JNS 19 Mar 2023 17:40 UTC
2 points
1
avoiding harmful outputs entails training AI systems never to produce information that might lead to dangerous consequences
I don’t see how that is possible, in the context of a system that can “do things we want, but do not know how to do”.
The reality of technology/tools/solutions seems to be that anything useful is also dual use.
So when it comes down to it, we have to deal with the fact that such as system certainly will have the latent capability to do very bad things.
Which means we have to somehow ensure that such as system does not go down such a road either instrumentally or terminally.
As far as I can tell, intelligence^[1] fundamentally is incapable of such a thing, which leaves us roughly with this:
1. Pure intelligence, onus is on us to specify terminal goals correctly.
2. Pure intelligence and cage/rules/guardrails^[2] etc.
3. Pure intelligence with a mind explicitly in charge of directing the intelligence.
On the first try of “do thing we want, but do not know how to do”:
1) kills us every time
2) kills us almost every time
3) might not kills us every time
And that’s as far as my thinking currently goes.
I am stuck on if 3 could get us anywhere sensible (my mind screams “maybe”………”ohh boy that looks brittle”).
1. ^
  I don’t have a firm definition of the term, but I approximately think of intelligence as the function that lets a system take some goal/task and find a solution.

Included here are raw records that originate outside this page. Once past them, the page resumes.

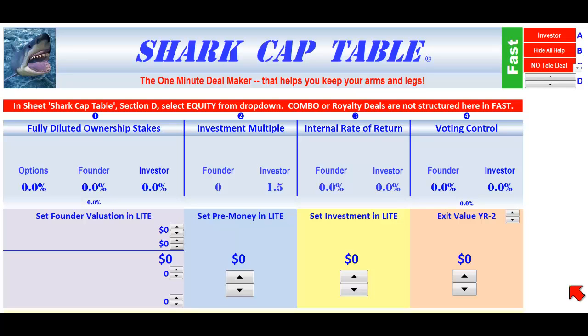Welcome to Shark Cap Table Fast, the one-minute deal maker that helps you keep your arms and legs. Instead of structuring a deal to sell, we are going to analyze a deal for sale, typical of the telemarketing deals that cross my desk every week.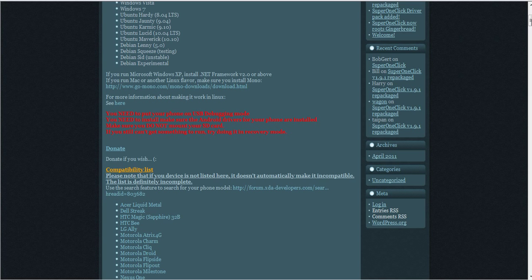Once you're in settings, you want to go to applications. There's a checkbox for unknown sources - you'll want to check that. Then go to development and enable USB debugging.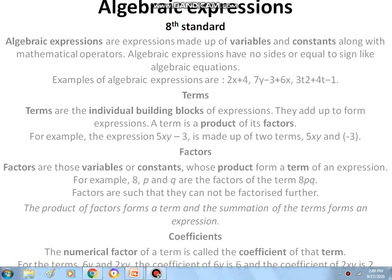Good afternoon students. In today's class we will discuss what is meant by algebraic expression, variable, and constant. An algebraic expression is a combination of both variables and constants along with mathematical operators. Algebraic expressions have no equal sign like algebraic equations.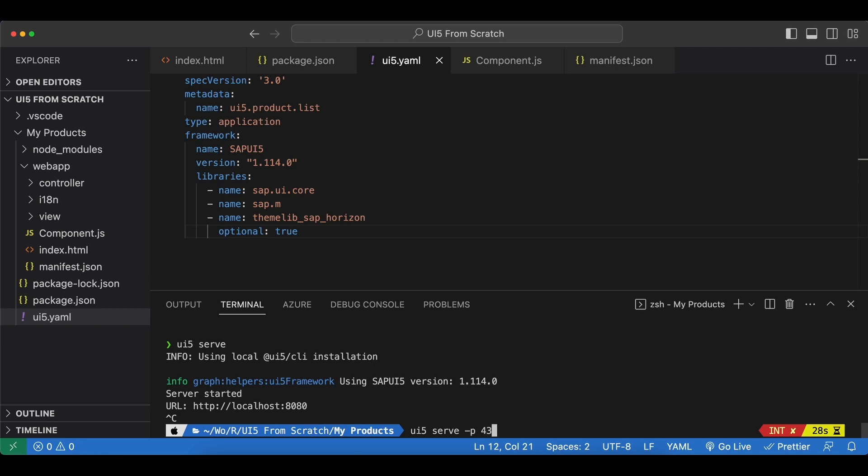And the next one is --open or -o for short, and if you do that it will open a browser window for you automatically. That's all for this video and I hope to see you in the next one.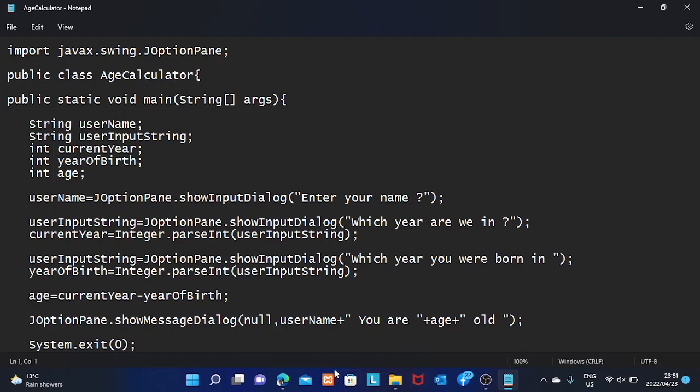First of all, on this line I have 'import javax.swing.JOptionPane'. What I'm doing here is importing the JOptionPane class, so that class will allow me to use the graphical user interface of Swing.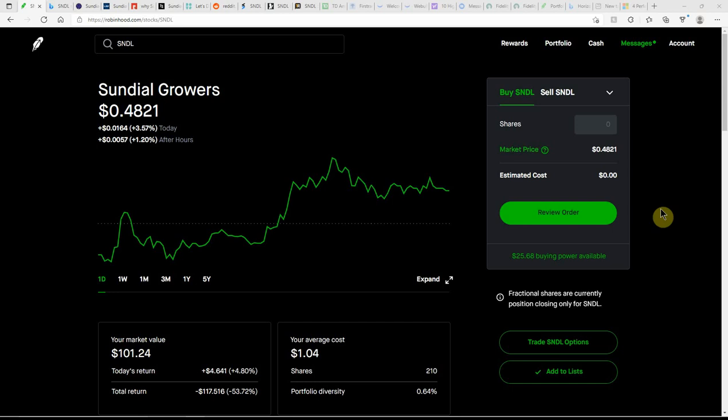Good day, YouTube. This is Dre Money with Falling Forward Financial. Just an update here on Sundial.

  Explicitly in humans, well me, that looks like using the knowledge I have, building model(s), evaluating possible solution trajectories within the model(s), gaining insight, seeking more knowledge. And iterating over all that until I either have a solution or give up.
2. ^
  The usual: Keep it in a box, modify evaluation to exclude bad things and so on. And that suffers the problem of we can’t robustly specify what is “bad” and even if we could, Rice’s Theorem heavily implies checking is impossible.